I’ve always loved that sentence. I was working on this essay and thinking about just how many dead I have. I was making a list, tearing up a little, and when I told Fred what I was working on, he said, “That’s life.”

I knew what he meant. Growing up in a huge Roman Catholic family, if you learn anything (well, anything other than that you shouldn’t have sex) it’s that people die all the time. Out of the blue, a relative I barely knew would die, and normal life would stop to dance around the ritual. My mother would send flowers. We would put on school clothes and go to the funeral home. At some point, we would end up at an aunt’s house eating ham and potato salad that a neighbor had brought by. If we stayed at the funeral home until it was closing, we would kneel in the hall while one of the men led the rosary. (I liked this part. The ritual reciting of the words made me feel ancient and alive.)

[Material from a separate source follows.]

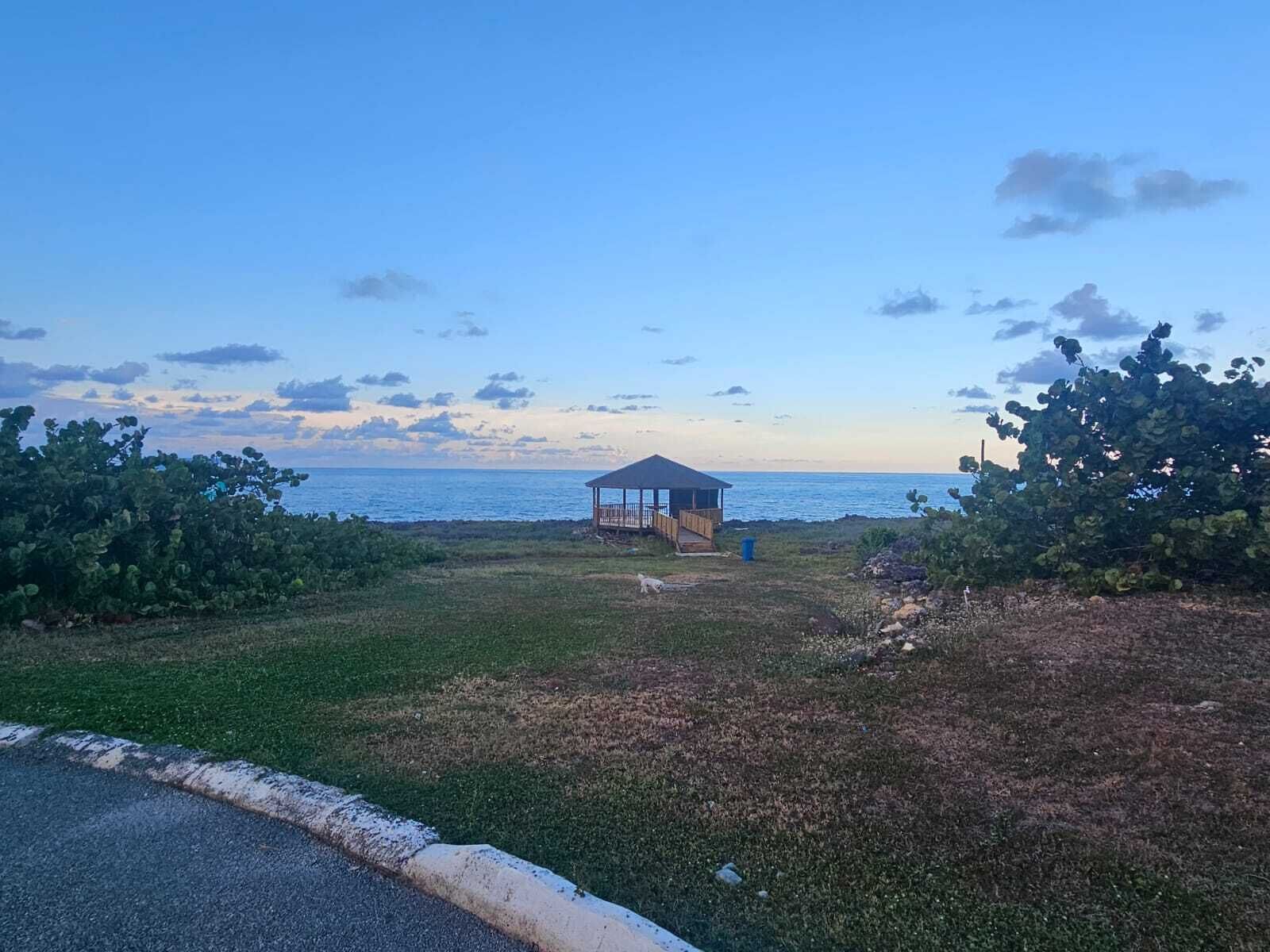 A gazebo near a body of water, surrounded by greenery.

Today, though, the Little Red Hen isn’t reciting Our Fathers and Hail Marys in strings of sorrowful mysteries. Today she’s standing ready to say, “I will!” while her father checks the notes in the 1946 Woman’s Home Companion Cook Book. On page 116 in the recipe for WHITE BREAD: Straight-Dough Method, where the cookbook says “6 cups of all-purpose sifted flour,” my mother has penciled in, “5# 10oz flour” and then, maybe as the family grew, “7# 6 oz,” and finally, “8 ½+ # in mixing pot” (which I’m assuming is the blue speckled pot, since I’m the last kid and the recipe stopped growing). Where the Woman’s Home Companion says “milk, scalded, 2 cups” my mother has penciled in “8.” 2 ½ teaspoons of salt has been replaced with “10” and later simplified to “1/4 cup.” My father baked a lot of bread.

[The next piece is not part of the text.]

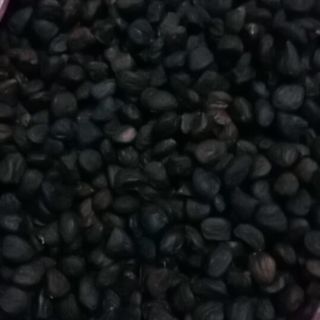 100g hạt dổi nếp loại 1.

Back in my kitchen in 2015, I am taking pumpkin bread out of the oven and thinking about another line from Rilke. I read “Archaic Torso of Apollo” when I was nineteen, not long after I had left Pennsylvania for the first time. I’ve never understood the poem. The speaker is looking at a headless statue of Apollo that bursts with life. After a series of striking descriptions, Rilke says this: “for here there is no place/that does not see you. You must change your/ life.”

What the hell, Rilke? The urgency of the lines, which Mark Doty describes perfectly as “winging out of nowhere,” hit me hard at nineteen and has never left.

Meanwhile, back on Marvle Valley Drive, yeast are swimming to life in a pot of warm sugar water. I’m swimming, too, across ideas, and decades, and time zones. I can’t make this essay stay put. I’m more than seven hundred words in and I still haven’t mentioned that Friday afternoon in November. I was driving a bus full of kids back to Albuquerque from Santa Fe. I was driving straight into the sun, which was leaning hard into the horizon.

I was disoriented. You think of driving from Santa Fe to Albuquerque as heading south. What was the sun doing directly in front of me rather than off to my right? (Off to my right, by the way, I was looking through one of those school bus doors that folds opens with a metal rod. Just being on a school bus makes me think of book bags, and knee socks, and rolling down Irishtown Road to drop off some boy the driver called Buddy right in front of his house. It was kindergarten in Pittsburgh. It was raining.)

I was trying to figure out how I was driving due west on I-25 South when a sentence “winged out of nowhere” into my head. “Things are changing in me, and I do not know where or to what end.” (What the hell, Rilke?) The sentence followed me home. It climbed into bed with me. It stuck around through the holidays.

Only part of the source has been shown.